Our Lady of Copacabana is the patron saint of boy racers, who come to the town in large numbers on her feast day to have their cars blessed. Then they get drunk and drive around for a while. Gringos are advised to stay away until the festivities are over. But when we were there we did watch a street marriage celebration with music and dancing. I thought something was wrong with the beer – people kept pouring some of it onto the ground. I later discovered it was in honour of Pachamama, the Inca Earth goddess who is in the fertility business. The Spanish imposed Catholicism all over South America but Pachamama is still alive and well and living in Copacabana.

4

Around Annapurna

Of course an essence of Nepal. Ever present at the end of the slightest alley that reminds Nepal a loyally paradise of gallant shade the ‘Nature’.

From the website of Hotel Nature.

From our hotel window I can see banana trees, lemon trees, ducks, vines, pot plants, crows, washing, solar panels, brick walls, and flags. The roofs have a tower on them for water tanks–with a spiral staircase you can climb. Hear–dogs, cars beeping, voices, motorbikes, brakes squealing.

From Flic’s journal, November 2007.

I don’t know the hour but it is early morning, sometime between first light and sunrise. I am up on the flat rooftop of Hotel Nature, looking out across the city through a haze of pollution and humidity. Kathmandu stretches, in some directions, as far the eye can see; only to the west I can make out hills touched with the green of something like woodland or farmland, and to the north, between drifting clouds, glimpses of snow covered mountains.

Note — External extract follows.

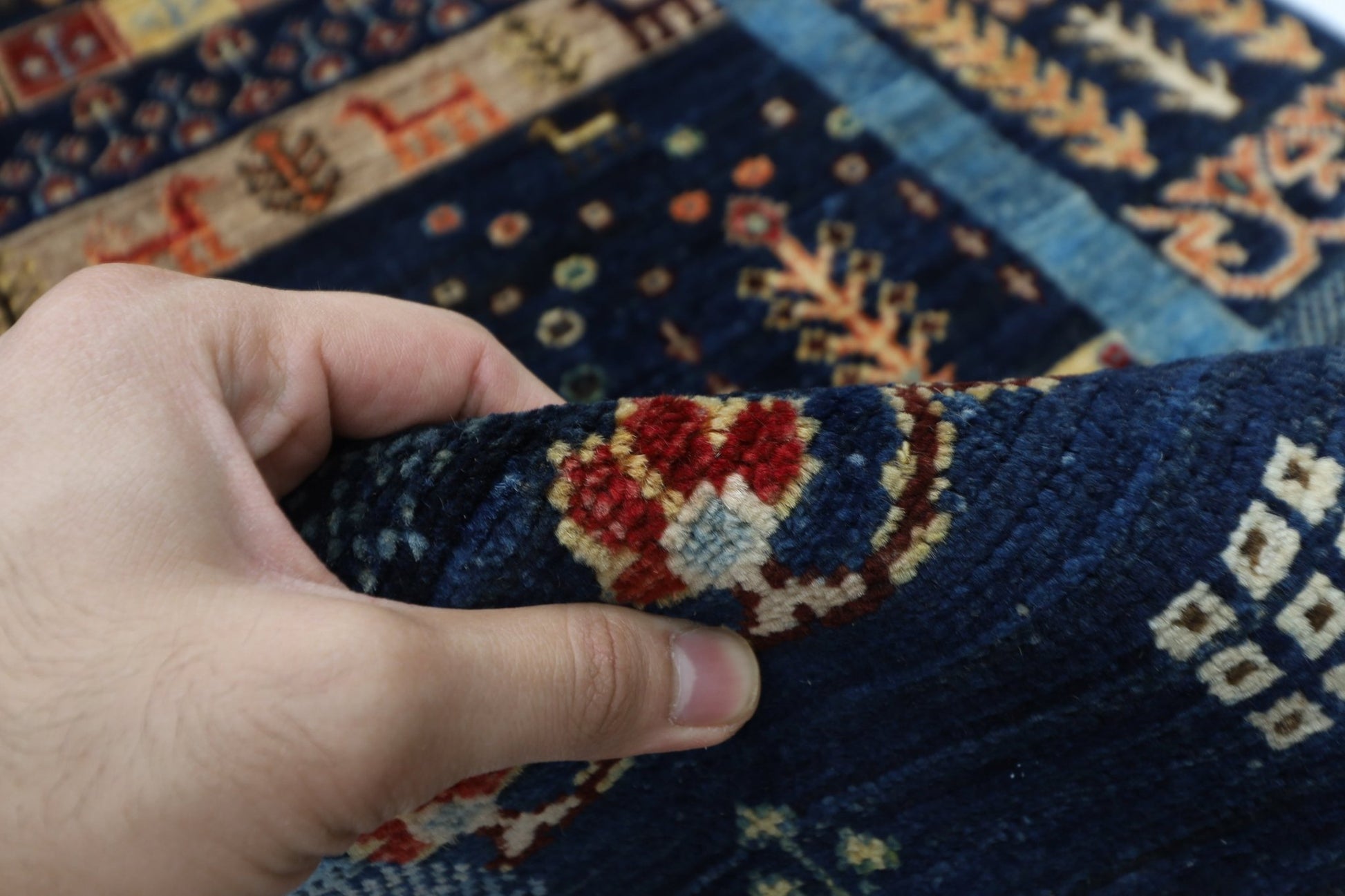 83 x 393 cm | Oriental Gabbeh Animal Runner Rug Afghan Hand Knotted Veg Dye Wool carpet - ART WOOL CARPET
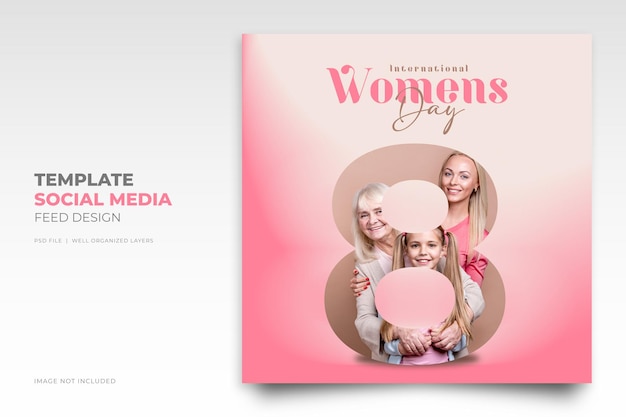 PSD happy international womens day march 8 instagram social media post template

Low-rise square buildings of brick and concrete surround me, all of them with black plastic water tanks on their roofs, some with pot plants and even small trees, some with washing hanging out, a few with early rising people. A man nearby clears his throat and cleans his teeth. A woman below me is preparing vegetables. Further away a small boy waits until his mother has gone, jumps up onto the parapet and balances along high above the street. There is the sound of a small handheld bell and I look down and across at a man chanting a prayer. There is the smoke of burning juniper leaves and then the bell again.

I can see no old buildings, just these newly decrepit, multi-occupied blocks, a few vacant lots awaiting development and some half-built concrete shells of buildings-to-be. Further away are few scattered little tree-covered hillocks, like tiny islands above the streets. And a bigger hill with trees and what might be a temple, I can make out two white towers and a golden dome.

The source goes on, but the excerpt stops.